SUPPLEMENTAL OPINION ON DENIAL OF PETITION FOR REHEARING.
Mr. JUSTICE DRUCKERdelivered the opinion of the court:
On January 18, 1974, this court issued its opinion affirming a judgment of the circuit court in favor of plaintiff for the return of plaintiff’s $50,000 deposit. Defendant had withheld these funds because of losses sustained as a result of certain commodities transactions which defendant claimed plaintiff authorized. Implicit in our opinion was the conclusion that Martin Scanlon, who admitted making the purchases of commodity futures, was defendant’s agent and not the agent of plaintiff. In the instant petition defendant asserts that this court misapprehended the state of the record when it found that the trial court’s determination of agency was not against the manifest weight of the evidence.* More specifically, defendant contends that Scanlon, in placing the March 20th trades, (1) was acting as plaintiff’s agent and not defendant’s agent, and (2) if he was defendant’s agent, he was acting outside the scope of his employment. To support this contention defendant relies on the facts that Scanlon received no salary from defendant and that plaintiff controlled Scanlon’s actions.
We have reviewed the record and find that the evidence overwhelmingly refutes defendant’s instant arguments. There is evidence to demonstrate that for a period of time, including the relevant dates in question, Scanlon was employed by defendant as a broker and manager of its Kansas City office. It is true, as defendant avers, that Scanlon did not receive a salary until April or May. However, he was being paid by defendant for soliciting business.
Defendant asserts that Scanlon was controlled by plaintiff. It must be noted that plaintiff had a non-discretionary account with defendant. Defendant could not act without specific orders as to price, quantity and commodity. Defendant, in its opening statement to the court, characterized its business as accepting and executing orders to buy or sell. Therefore, in carrying out defendant’s activities, Scanlon was limited to executing specific buy and sell orders from plaintiff. This evidence concerning the control plaintiff had over Scanlon is not indicative of an agency relationship. It was actually defendant who exercised control over Scanlon, for the evidence demonstrated that Scanlon was limited by defendant’s margin requirements which were communicated to him.

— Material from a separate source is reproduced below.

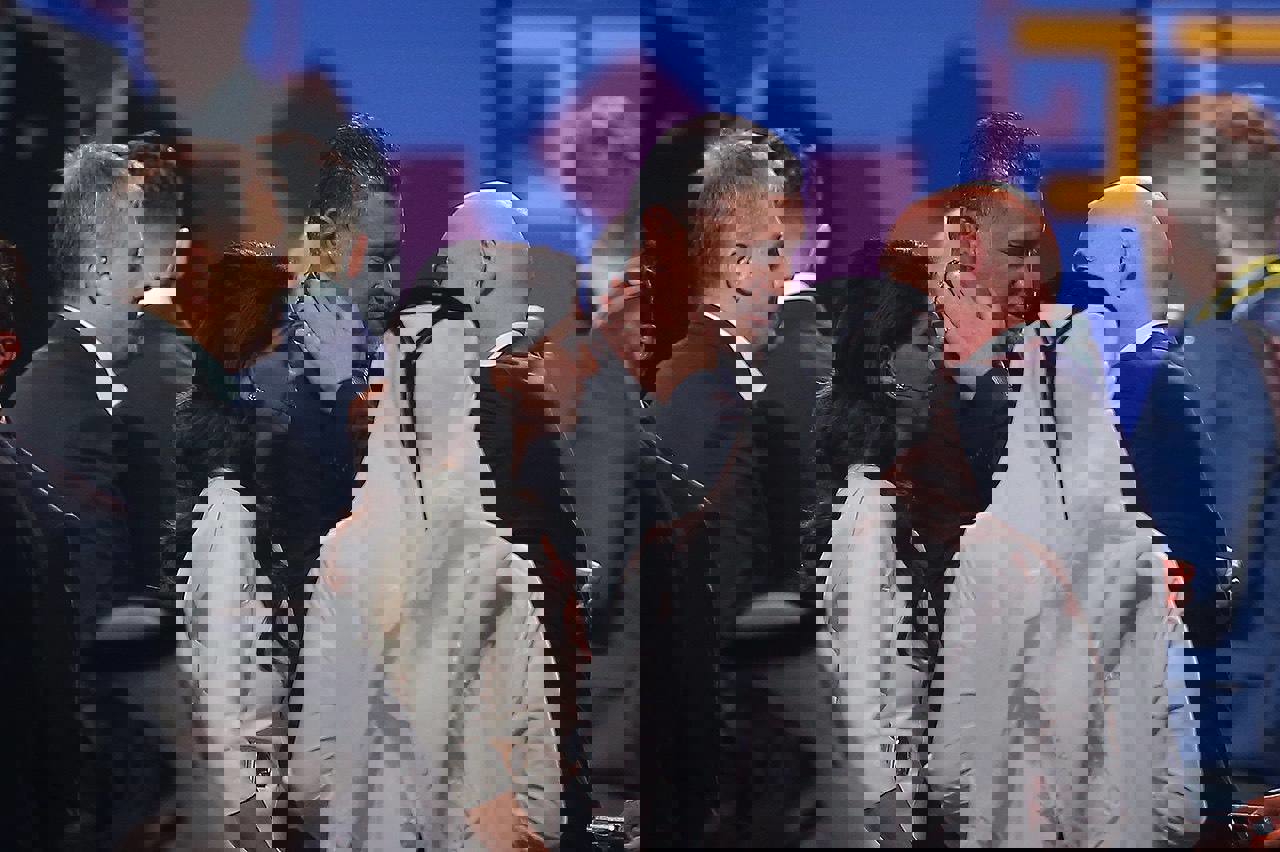 1702592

The proof presented other factors which refute defendant’s contentions: No evidence was introduced that Scanlon executed orders through any other clearing members, besides defendant; Richard Becker, defendant’s vice-president, initially told plaintiff to put all orders through Scanlon; Becker stated that any refunds must be made directly to plaintiff and could not be given to Scanlon; and with regard to the alleged transaction in March, Scanlon was the person who initiated the first conversation with plaintiff, rather than plaintiff coming to Scanlon.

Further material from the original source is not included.